3.在我们从移动互联的经济基础向前推进,去摸索移动互联时代特征的过程中,很容易就会将移动互联的特征视为某种“以人为核心的技术赋能”,并将其当作这个时代新的规定性原则。然而,这不过是一个幻象,走到这一步,我们甚至都没有进入到真正的上层建筑领域,而只是停留在了夹在经济基础和上层建筑的“中介”当中。所以,研究移动互联中存在的第三个问题,就是在许多分析中,欲悬“中介”为终点。
4.移动互联给我们以看似赋能的时代特征,其实却只能被称为是一种“代理”。因为它潜藏着一种我们对自己所经历、所经验的世界的“不理解”。移动互联是极端碎片化和丰裕的,这导致了我们在触摸移动互联的时候,必须要经由某种代理,以维系我们对这个庞大世界的把握能力,这甚至用不着什么刻意的逼迫,而本就是我们内心自然生成的拒绝。只有将赋能视为代理,我们才能够在面对这种时代特征的时候留有一种批判性的视角(这里的批判当然不是扣帽子,而是康德意义上对于对象应有之样态的憧憬和考察),并继续前行,去考察移动互联时代特有的“异化”,且进一步以此为背景,接着寻找当下时代新的规定性原则和上层建筑。尽管从本质上看,代理同样只是停留在“中介”的层面,但是只有从代理的思维出发,我们才能够走出中介的限制。所以,研究移动互联的第四个问题,也是我们将中介视为终点并停止探索的原因,是我们把移动互联存在的对人类社会过程的代理,视为某种单纯而令人欣喜的赋能。

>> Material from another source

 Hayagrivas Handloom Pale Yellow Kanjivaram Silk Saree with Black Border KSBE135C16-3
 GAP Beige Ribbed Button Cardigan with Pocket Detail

第二章“大玩家”中,视角便从移动互联的整体时代背景逐渐缩小,转向了移动互联的大型平台。因为大型平台已经成了人们社会实践被代理的过程中,那最大的代理人。它们在这一片蓝海中呼风唤雨,无所不能,俨然成了这海洋本身。对于平台的探究将为我们进一步寻找整个移动互联时代的规定性原则提供一个实证的出发点,再通过对平台运作过程的抽象逻辑的分析,打开对整个移动互联运作逻辑进行分析的窗口。引导这一部分分析的核心思路是:当我们在谈平台的时候,我们在谈什么?

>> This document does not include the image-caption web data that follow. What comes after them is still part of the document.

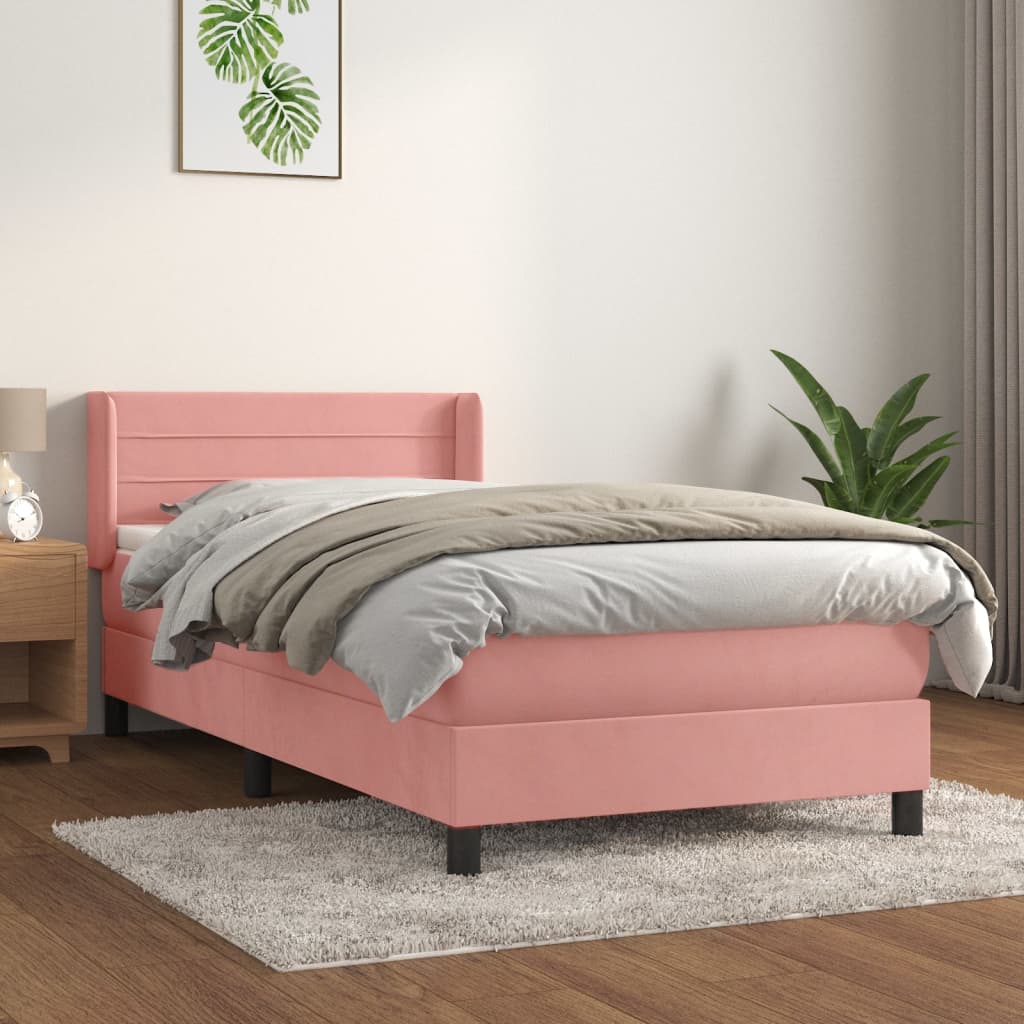 Boxspringbett mit Matratze Rosa 90x200 cm Samt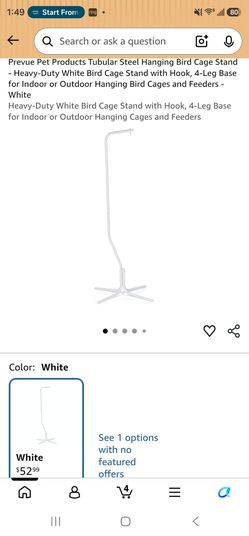 White Bird Cage Stand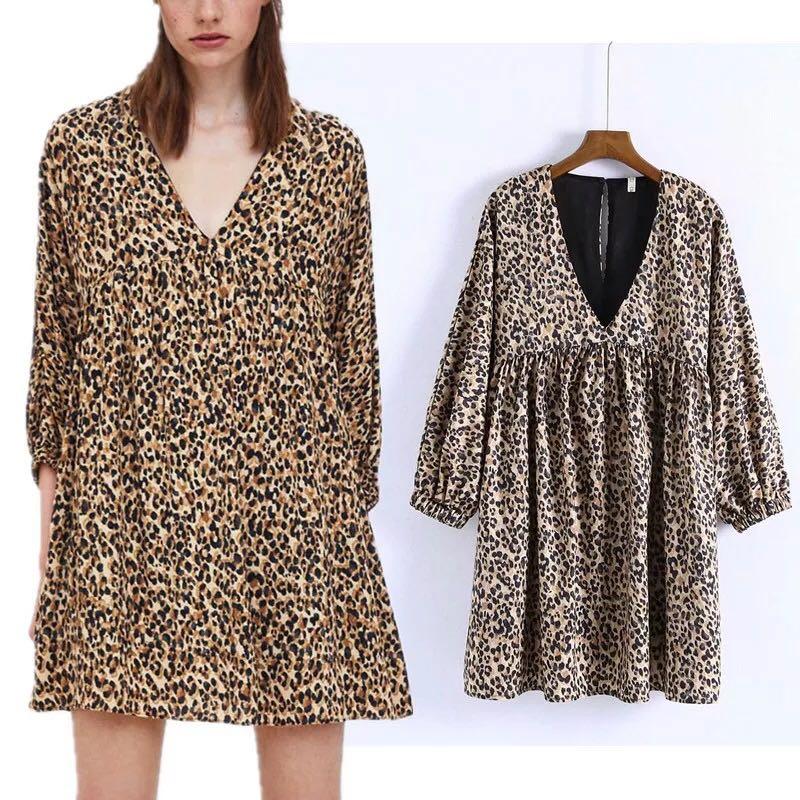 leopard print loose dress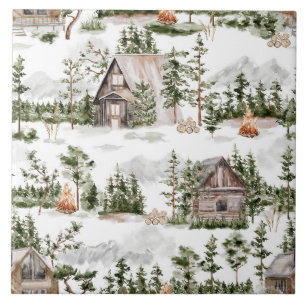 Carreau Motif Cabine de forêt aquarelle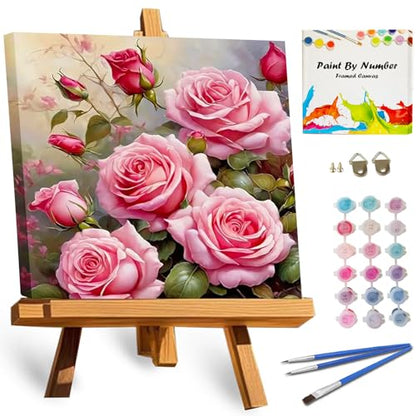 TOCARE Framed Paint by Numbers Kit for Adults Beginners & Kids Ages 8-12,Pink Rose Paint by Number with Frame,Easy Flowers Paint by Numbers Framed Canvas (10x10 Inch, Without Easel) - color: TC-F-212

1.首先需要被明确的是在当下移动互联场域中,当我们谈及平台时,这一概念所应该具有的内涵和外延。而通过对它们的梳理,我们需要锚定平台和其他代理人不同的独有特征,即对于连接关系的拆解、重构和深度掌控。同时,也要明白在移动互联语境下,我们说的平台之范畴,是指“身处于移动互联时代的”平台以及具有平台性质的企业,而非仅仅是移动互联技术催生的平台。
2.从对平台的意涵与特征的分析出发,需要被考察的是平台的特征和这个社会之间的牵连。即当我们将平台放置在整个移动互联的大背景中的时候,平台都在扮演着什么样的角色?平台在市场中,实际上是作为交换空间提供者、互动机制制定者、主体价值赋能者、市场标准整合者、信任体系构建者出现的。对这些角色的分析将会完善我们对于平台的整体认知。

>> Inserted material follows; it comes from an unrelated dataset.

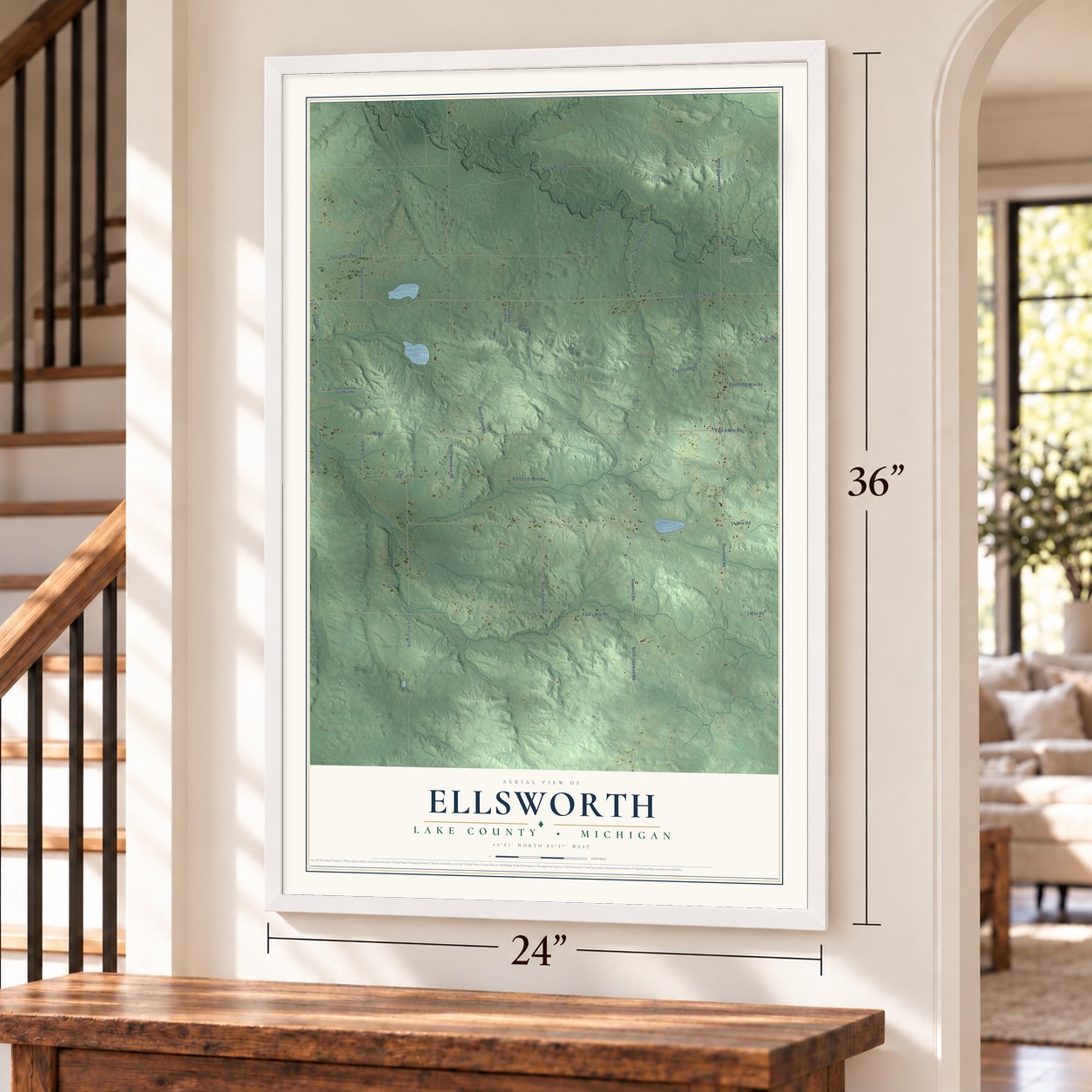 Ellsworth, Lake County, Michigan map, 24 x 36 inch print in a white frame by a staircase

3.但是单从一个结构性的视角审视平台,我们便难以对平台给出一个辩证的解读。换句话说,围绕一个给定的成熟平台,去审视其静态的结构特征,并不能够完整把握平台作为一个生长主体,从潜在展开到现实的过程。我们要从一个动态的视角出发,去看待平台的开端、发展、成熟;并且在这种对于全过程的理解中,进一步看清平台所具有的权力的普遍性和历史性。
4.以平台静态角色和动态发展为双轴,我们便能够走到对于平台的抽象理解中去了。这一部分需要证明的是,平台在移动互联的整体场域内,构建了一个以社会过程为边界的“子场域”(参考布迪厄的场域理论)。这个场域中有自己的行动规则,各类参与方根据自身的位置和目的,在其中依照规则争夺资源。这是一个充满了权力斗争过程的场域。平台对于连接关系的重建,便也由此成了一个权力关系的重建。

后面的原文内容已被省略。